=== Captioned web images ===
Segment Open

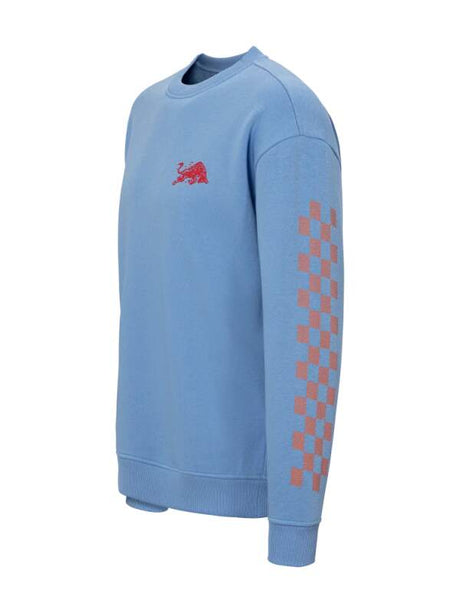 Red Bull Ring Freizeit-Sweatshirt RACE mit Porsche-Motiv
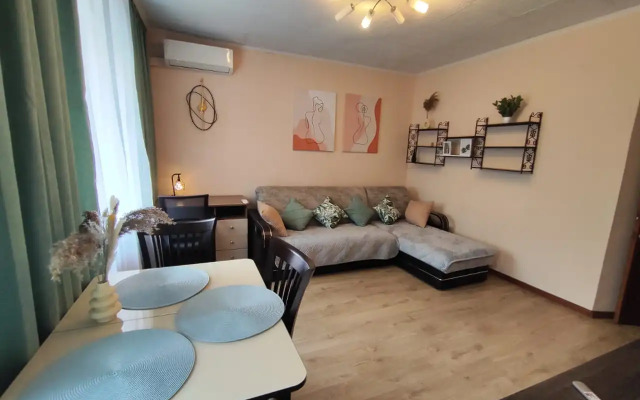 Квартира на Улице Семёновская 25А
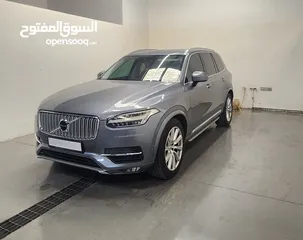  1 Volvo XC90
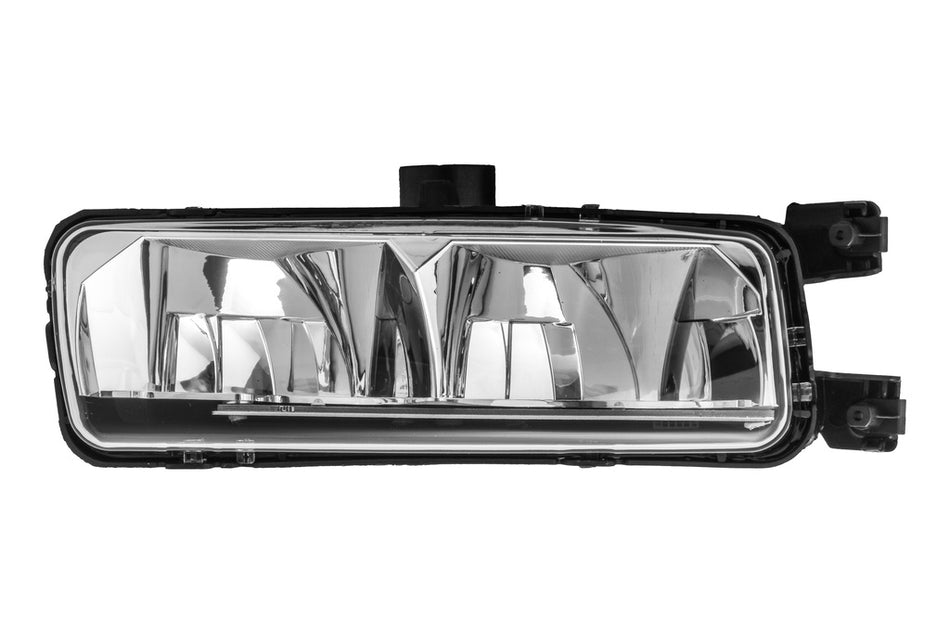 Fendinebbia Destro-Con Porta-Lampada-Led-Versione Valeo Per Land Rover Range Rover - Sport - L494 (LR8044413)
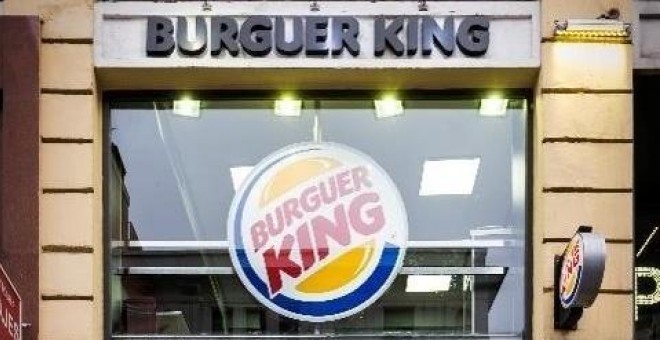 Burguer King corrige su histórica 'errata' y castellaniza su nombre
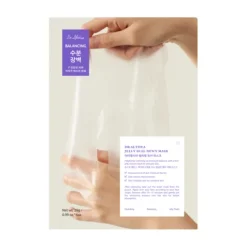 Dr. Althea Jelly Seal Dewy Mask 4 st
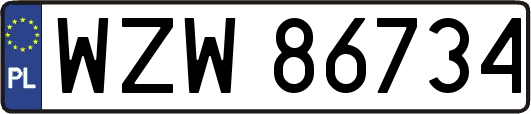 WZW86734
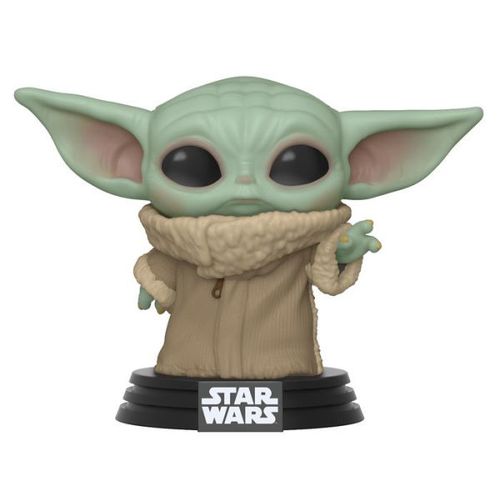 Funko Pop Star Wars: Mandalorian - Dijete (The Child) slika 1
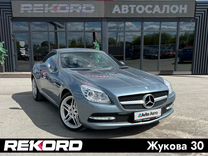 Mercedes-Benz SLK-класс 1.8 AT, 2011, 95 839 км, с пробегом, цена 2 499 000 руб.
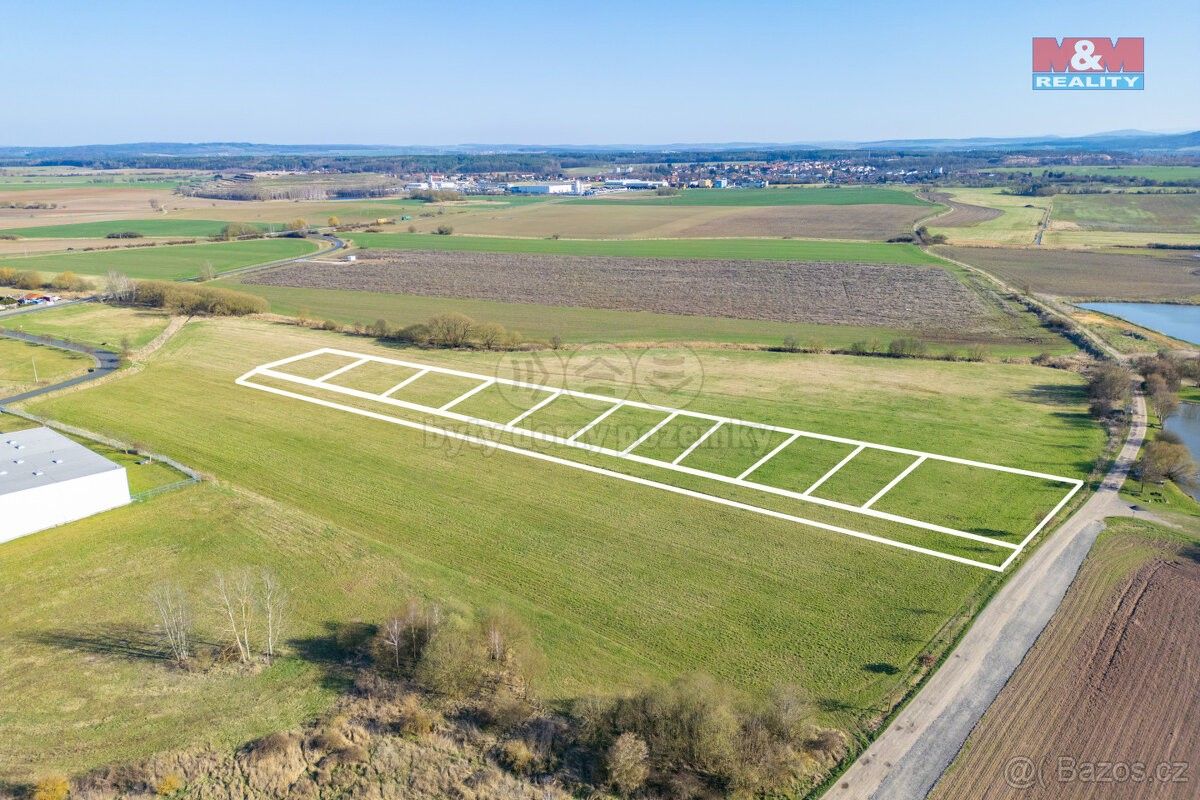 Prodej pozemek pro bydlení - Nýřany, 330 23, 12 377 m²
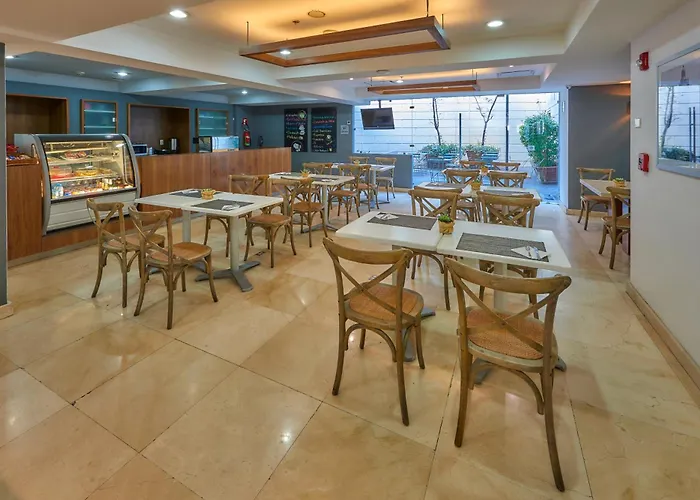 Wyndham Garden - Polanco 4*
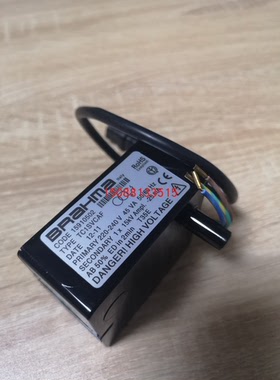 燃烧机BRAHMA巴拿马点火变压器TC1SVCAF 1*15KV单极 高压包点火器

Segment Closed

=== Required action ===
Once the pictures are set aside, give every line above again without alteration.

=== Result of this task ===
 Red Bull Ring Freizeit-Sweatshirt RACE mit Porsche-Motiv
 Квартира на Улице Семёновская 25А
  1 Volvo XC90
 Fendinebbia Destro-Con Porta-Lampada-Led-Versione Valeo Per Land Rover Range Rover - Sport - L494 (LR8044413)
 Burguer King corrige su histórica 'errata' y castellaniza su nombre
 Dr. Althea Jelly Seal Dewy Mask 4 st
 WZW86734
 Funko Pop Star Wars: Mandalorian - Dijete (The Child) slika 1
 Mercedes-Benz SLK-класс 1.8 AT, 2011, 95 839 км, с пробегом, цена 2 499 000 руб.
 Prodej pozemek pro bydlení - Nýřany, 330 23, 12 377 m²
 Wyndham Garden - Polanco 4*
 燃烧机BRAHMA巴拿马点火变压器TC1SVCAF 1*15KV单极 高压包点火器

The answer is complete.